Kids Count (www.nfikidscount.org, $25; $20 for educators), developed by Indiana State University’s Scott College of Business, is a colorful question-and-answer board game with multiple-choice and true-false questions for children age 8 and up. Example: “True or False: A piggy bank is a safer place than a bank vault to store your money.” Comes with materials for teachers.

Mr. Bigshot (www.mrbigshot.com, $29.95) is an engaging stock-market game that pits two companies against one another in a head-to-head matchup. Players try to choose the company they think will come out on top. The hook: Matchups represent real market situations that occurred in the past 35 years (example: Howard Johnson versus Intel in 1979).

BOOKS

In Avengers Saving the Day (www.practicalmoneyskills.com), Marvel Comics superheroes (Spider-Man, the Incredible Hulk, Thor, Iron Man, the Black Widow and Giant Man) team up to give new meaning to the theme “saving the day”: They foil bank robbers and give Spidey advice on how to get money for his aunt’s birthday gift.

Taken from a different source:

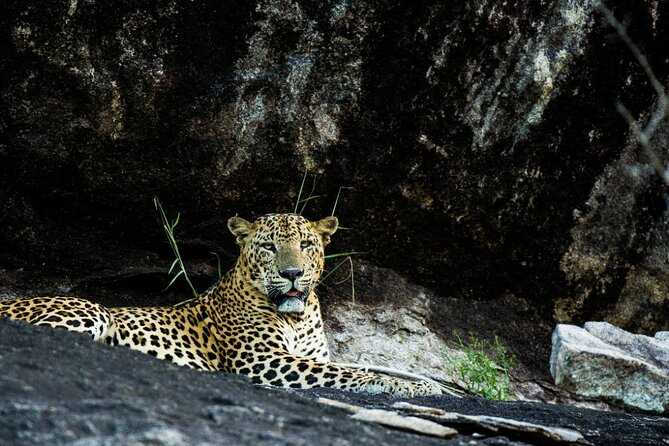 Yala Safari With Jeep, Sri Lanka - The Sum Up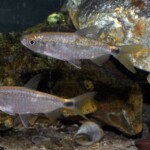 Brycinus imberi en aquarium (individus ayant subit des attaques de mangeur d'écailles).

Action-packed, with a glossary of financial terms and a budget worksheet.

Saving is also the theme of a trio of picture books for younger children:

--Joe the Monkey Saves for a Goal, by John Lanza, part of a financial-education series by Snigglezoo Entertainment (www.themoneymammals.com; $5.99).

--The Zela Wela Kids Build a Bank, by Nancy Phillips (www.zelawelakids.com; $15.75), also part of a series.

--Pretty Penny Sets Up Shop, by Devon Kinch (Random House, $16.99).

ON THE WEB

On ING’s Planet Orange (www.orangekids.com), kids in grades 1 to 6 pilot a spaceship to visit four “continents” to learn about the history of money, investing, saving and spending. The presentation is clear and simple, with interactive features that advance the lessons -- for example, a budgeting tool and a pay stub that explains gross pay, deductions, taxes, etc.

EconKids at Rutgers (http://econkids.rutgers.edu) is a treasure trove for parents and teachers looking for books to help kids of all ages learn about money. The bibliography lists books by concept (Entrepreneurs, Opportunity Cost, Saving, Wants and Needs) and chooses a book of the month. Featured for April is The Boy Who Harnessed the Wind, by William Kamkwamba and Bryan Mealer.

For Me, For You, For Later is a classic 15-minute Sesame Street production (www.sesamestreet.org/save) in which Elmo gives younger kids a lesson in saving and sharing (one of several related videos on the site).